Dordal distilled letters from her mother written between 1983 and 2001, and Milly’s pained references to the era’s historical disruptions, such as the beating of Rodney King and the first Persian Gulf War, have jolting, plainspoken power: “The Thomas hearings really upset me— / all those white male faces discounting Hill’s testimony. / I’m sorry he was confirmed. She’s the victim, not him.” These observations, preserved, connect past to present with startling clarity. They also remind readers of what has been lost when our records of our thoughts are stored on the servers of social media companies rather than in hand-written correspondence. What results is at times a double-edged grief, for the loss of Milly herself as well as for earlier, more permanent and personal methods of communication.

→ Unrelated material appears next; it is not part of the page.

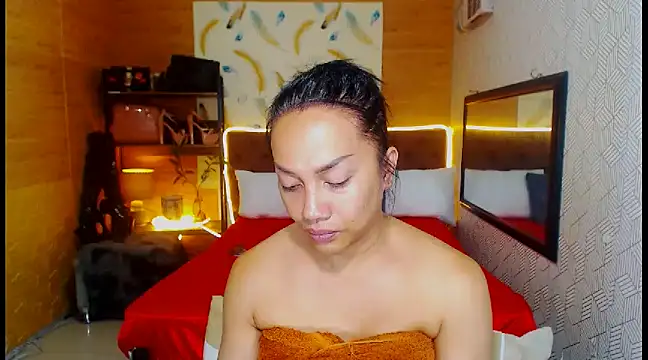 MeatyhorsecockMistress online show from 02/07/25, 09:48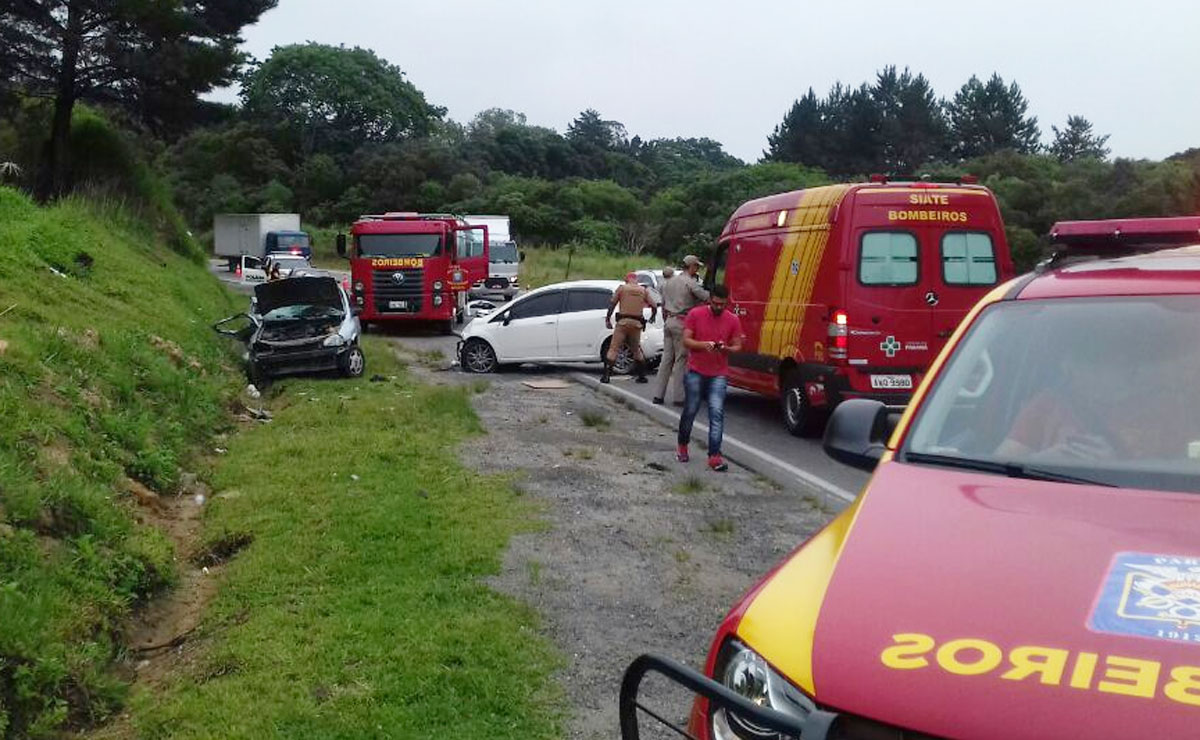 Um motorista morreu em uma colisão frontal no Contorno Norte na divisa entre Colombo e Almirante Tamandaré. | Colaboração/Vale do Ribeira Noticias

In the poem-letter “October 1992” Milly speaks to a truth that’s only gotten more so in the last thirty years: “there’s too much to take in.” Yet she strives to take it all in anyway, placing equal importance on inflection points in history, her daughter’s gym shoes, the heartening sight of an oriole “alight”ing on her back porch. In Dordal’s selections, the distinctions between trivial and profound dissolve, the results stirring refreshed appreciation for all moments in life, whether an adventure in cooking, an adventure across the world, or the kind of aching outrage any of us feel facing the news. All of it matters because all of it is part of our fragile, extraordinary existence.
Takeaway: Poignant epistolary collection sculpted from letters from the poet’s late mother.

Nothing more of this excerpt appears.